Wednesday, January 21, 2009

Bourbon Chicken

I tried another new recipe tonight from the My Kitchen Cafe blog. It was very tasty. Not as good as the Sweet and Sour Chicken, but I don't know that it could have topped that! It has a little kick to it because of the red pepper flakes, so you may want to half it if you think it is too much for you. We served it with brown rice and broccoli.

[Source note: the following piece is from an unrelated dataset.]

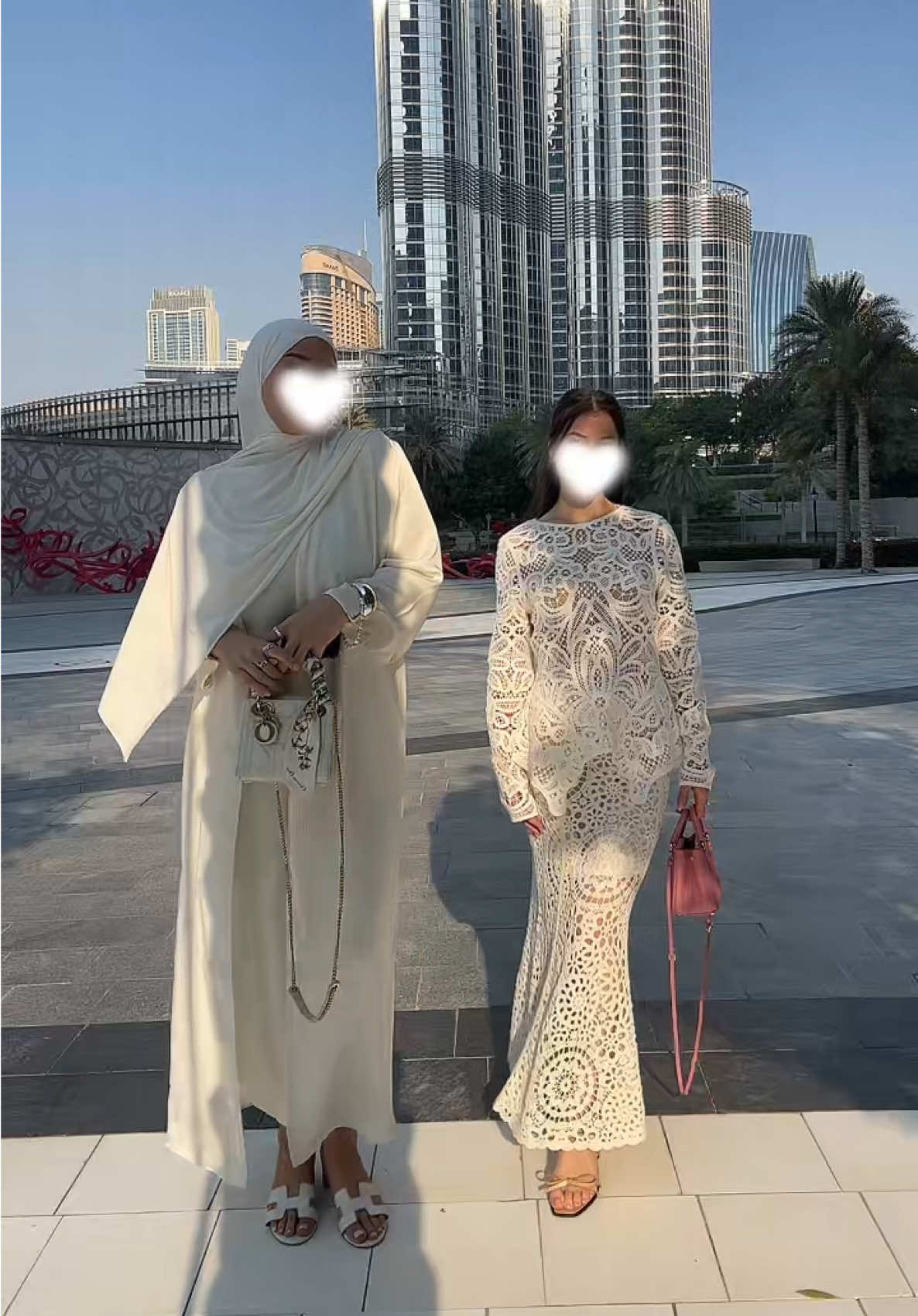 ootd check with @Bbabbyybblue 🤍 #OOTD #dubai #abaya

It's a keeper!

picture from My Kitchen Cafe

Bourbon Chicken
from My Kitchen Cafe

2lb boneless skinless chicken breasts
4 tablespoons oil (for pan-frying)
cornstarch (for dusting, optional)

1 garlic clove (minced)
¼ teaspoon ginger (I used ground ginger)
1/2 teaspoon crushed red pepper flakes
¼ cup apple juice
1/3 cup light brown sugar
2 tablespoon ketchup
1 tablespoon cider vinegar
½ cup water
1/3 cup soy sauce

Cut chicken breasts into bite-sized pieces, and if you choose lightly dust with cornstarch. Heat oil in your wok and fry chicken bits in batches until lightly browned. Drain on paper towels and set aside.

In a bowl combine all sauce ingredients. Pour into wok and bring to a boil. Add chicken bits back to the pan, reduce the heat and simmer for 10 minutes.